I’m not a Christian right now in the ways many might define it, but my roots are there, and so is a lot of education, and it seems like the Christian Scriptures have a lot to say about related things.  In broad strokes, the Bible is a story of opening, I think.  A story of people opening, over time, and not in any straight or orderly fashion, to fuller understandings of love.  Or Love, rather.  And it’s Love that can unbrand our shame, I think.  It’s Love that can soften that marked up place inside of us, and impress it gently, tenderly, with something new.
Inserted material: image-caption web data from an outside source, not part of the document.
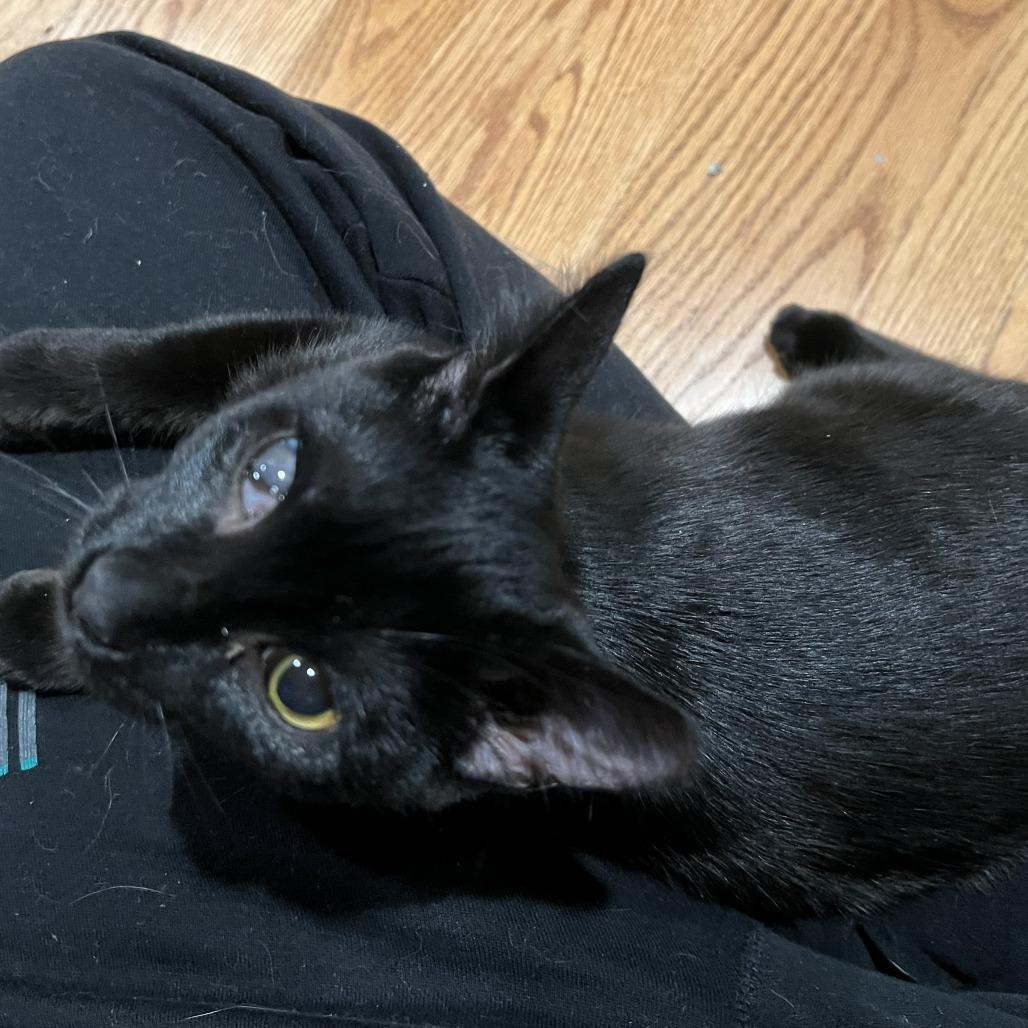 Kaleen, Adoptable, Young Female Domestic Short Hair.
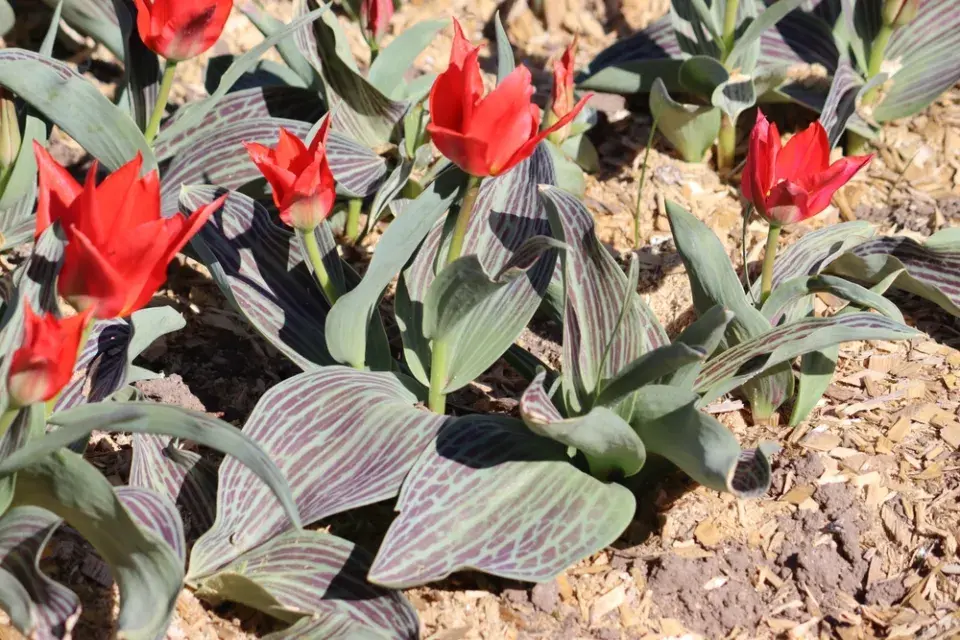 Tulipány po odkvětu
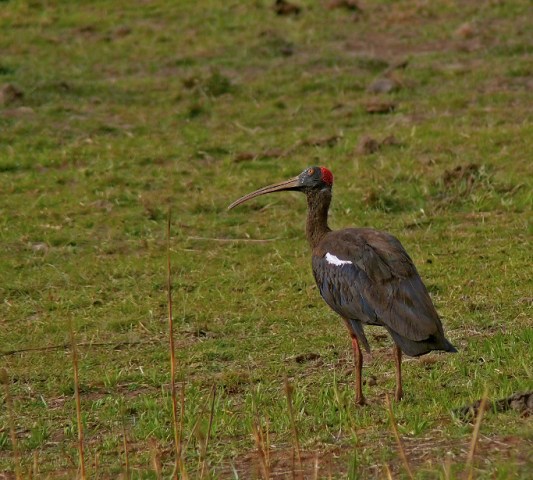 Black-ibis-bhan-1.jpg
I want to talk about this opening. 

I have a busy next few days, but when I get a chance to think after that, I want to put more words about this here.


Bodies, Part II

Tuesday, July 18th, 2006

(Part I here)

What if each of our bodies is a word, or a paragraph (maybe more?) of an ongoing, cosmic conversation?  This makes my love and acceptance of my body feel beside the point, and therefore strangely possible.  It makes me wonder what I’m being said in response to.  It makes me wonder who will be said in response to me.